TASK TO CARRY OUT = Every line below is to be copied exactly, with the pictures left out.

MATERIAL PROVIDED =
▬▬▬▬▬▬

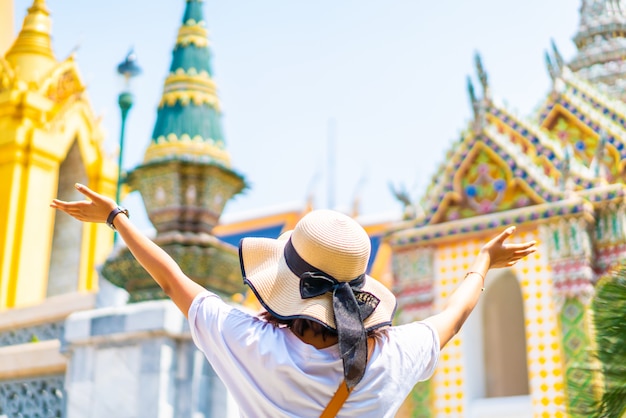 Feliz viagem asiática mulher no templo na Tailândia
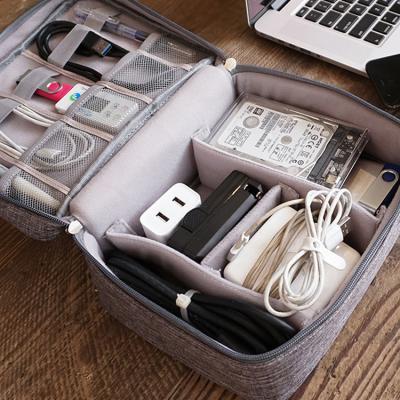 China Fashion Waterproof Canvas Fabric Electronics Accessories Travel Organizer Gadget Bag for sale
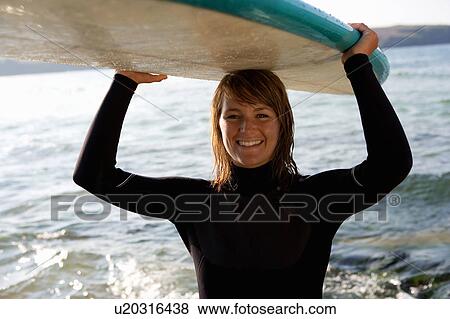 Stock Photo - Woman standing with a surfboard over her head smiling.. Fotosearch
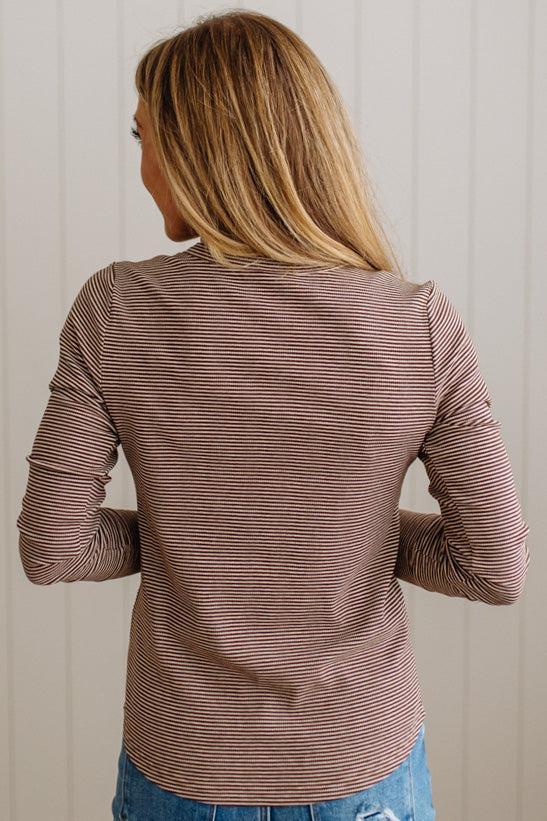 A woman viewed from behind wearing a long-sleeve top with thin horizontal brown and white stripes, paired with blue jeans, set against a light beige paneled wall.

▬▬▬▬▬▬

TASK RESPONSE =
 Feliz viagem asiática mulher no templo na Tailândia
 China Fashion Waterproof Canvas Fabric Electronics Accessories Travel Organizer Gadget Bag for sale
 Stock Photo - Woman standing with a surfboard over her head smiling.. Fotosearch
 A woman viewed from behind wearing a long-sleeve top with thin horizontal brown and white stripes, paired with blue jeans, set against a light beige paneled wall.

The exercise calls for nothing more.